Re: [PATCH v2 1/2] tracing: ring-buffer: Have the ring buffer code do the vmap of physical memory
From: Jann Horn
Date: Mon Mar 31 2025 - 20:10:00 EST
On Tue, Apr 1, 2025 at 1:41 AM Steven Rostedt <rostedt@xxxxxxxxxxx> wrote:
> On Mon, 31 Mar 2025 14:42:38 -0700
> Linus Torvalds <torvalds@xxxxxxxxxxxxxxxxxxxx> wrote:
>
> > .. and *after* you've given it back to the memory allocator, and it
> > gets allocated using the page allocators, at that point ahead and use
> > 'struct page' as much as you want.
> >
> > Before that, don't. Even if it might work.
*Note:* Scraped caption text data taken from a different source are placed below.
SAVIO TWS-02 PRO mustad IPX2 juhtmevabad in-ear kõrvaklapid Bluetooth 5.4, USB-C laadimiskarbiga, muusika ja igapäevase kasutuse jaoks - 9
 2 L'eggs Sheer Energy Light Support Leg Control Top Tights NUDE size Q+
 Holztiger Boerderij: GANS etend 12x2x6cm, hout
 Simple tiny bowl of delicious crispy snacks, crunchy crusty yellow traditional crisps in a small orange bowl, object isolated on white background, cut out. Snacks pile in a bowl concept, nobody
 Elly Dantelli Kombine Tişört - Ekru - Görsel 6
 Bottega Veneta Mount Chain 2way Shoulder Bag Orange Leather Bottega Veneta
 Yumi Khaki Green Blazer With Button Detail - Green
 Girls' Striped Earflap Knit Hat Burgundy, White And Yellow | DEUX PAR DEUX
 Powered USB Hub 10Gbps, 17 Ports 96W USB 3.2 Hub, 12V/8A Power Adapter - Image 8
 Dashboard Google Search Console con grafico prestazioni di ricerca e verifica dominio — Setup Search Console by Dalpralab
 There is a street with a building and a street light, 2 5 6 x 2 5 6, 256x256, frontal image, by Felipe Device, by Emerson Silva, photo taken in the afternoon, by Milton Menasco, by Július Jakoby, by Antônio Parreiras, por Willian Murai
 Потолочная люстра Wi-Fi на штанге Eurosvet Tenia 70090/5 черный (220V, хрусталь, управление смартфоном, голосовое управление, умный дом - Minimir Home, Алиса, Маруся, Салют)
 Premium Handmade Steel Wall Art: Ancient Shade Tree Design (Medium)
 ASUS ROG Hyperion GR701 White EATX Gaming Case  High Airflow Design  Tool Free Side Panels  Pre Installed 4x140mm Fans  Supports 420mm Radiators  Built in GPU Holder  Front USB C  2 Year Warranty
Because you didn't allocate
> > it as a struct page, and for all you know it might be treated as a
> > different hotplug memory zone or whatever when given back.
>
> Hmm, so if we need to map this memory to user space memory, then I can't
> use the method from this patch series, if I have to avoid struct page.
>
> Should I then be using vm_iomap_memory() passing in the physical address?
For mapping random physical memory ranges into userspace, we have
helpers like remap_pfn_range() (the easy option, for use in an mmap
handler, in case you want to want to map one contiguous physical
region into userspace) and vmf_insert_pfn() (for use in a page fault
handler, in case you want to map random physical pages into userspace
on demand).
> As for architectures that do not have user/kernel data cache coherency, how
> does one flush the page when there's an update on the kernel side so that
> the user side doesn't see stale data?
flush_kernel_vmap_range() (and invalidate_kernel_vmap_range() for the
other direction) might be what you want... I found those by going
backwards from an arch-specific cache-flushing implementation.
> As the code currently uses flush_dcache_folio(), I'm guessing there's an
> easy way to create a folio that points to physical memory that's not part
> of the memory allocator?
Creating your own folio structs sounds like a bad idea; folio structs
are supposed to be in specific kernel memory regions. For example,
conversions from folio* to physical address can involve pointer
arithmetic on the folio*, or they can involve reading members of the
pointed-to folio.